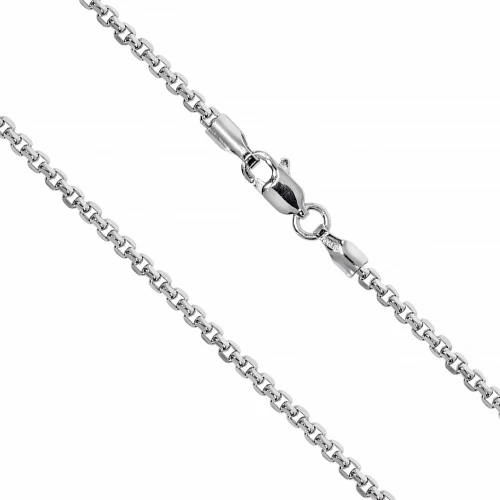 Золотая цепочка плетение Венецианское (арт. 1102401)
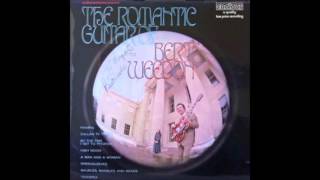 Bert Weedon - The Romantic Guitar Of Bert Weedon (Side One) - 1970 - 33 RPM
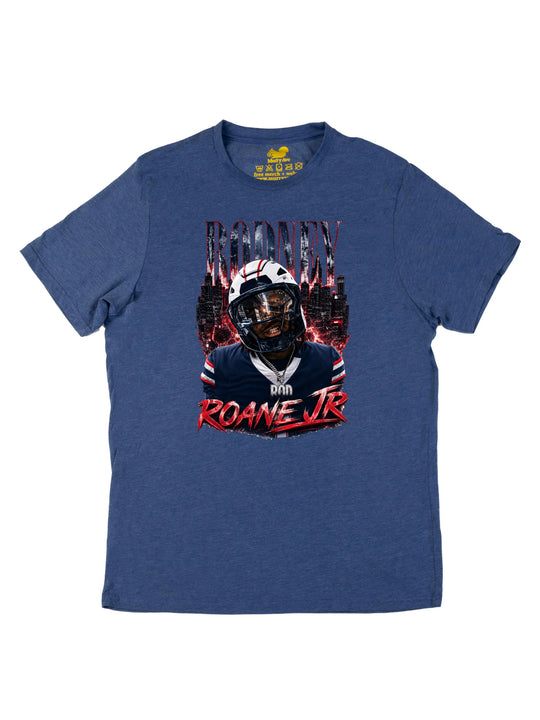 Rodney Roane Jr Collage Unisex T-Shirt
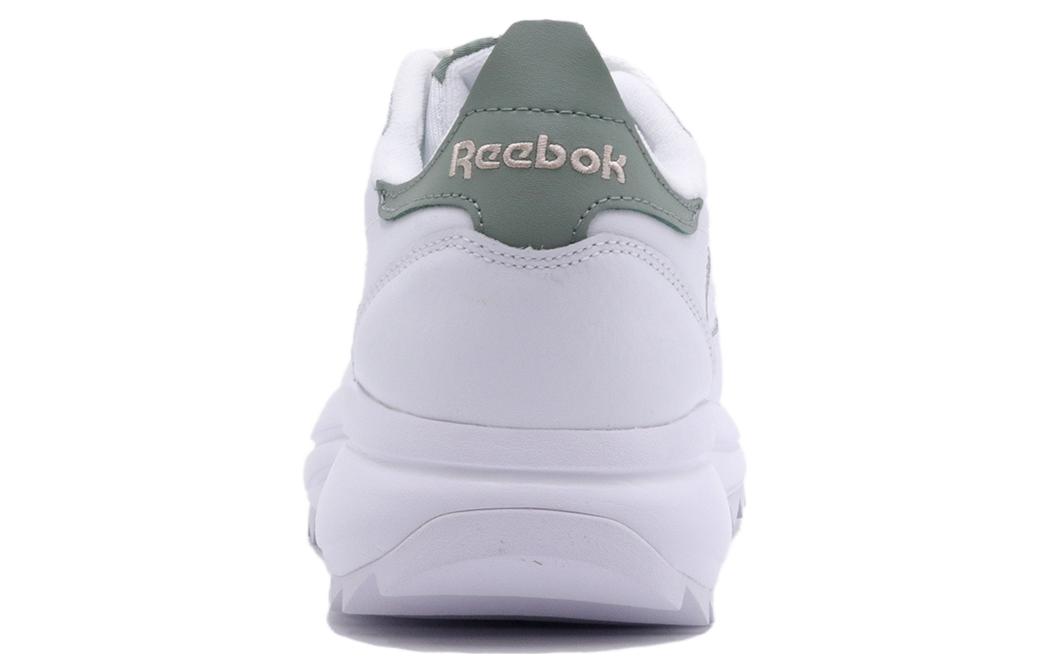 Purchase (W) Reebok Classic Leather SP Extra ''Wit Harmony Groen'' IE6991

● ● ● ●

PROBLEM TO WORK ON - Output exactly the lines from the one that has "Rodney Roane Jr Collage Unisex T-Shirt" through the end of the data. Do not include pictures.

TASK OUTPUT -
 Rodney Roane Jr Collage Unisex T-Shirt
 Purchase (W) Reebok Classic Leather SP Extra ''Wit Harmony Groen'' IE6991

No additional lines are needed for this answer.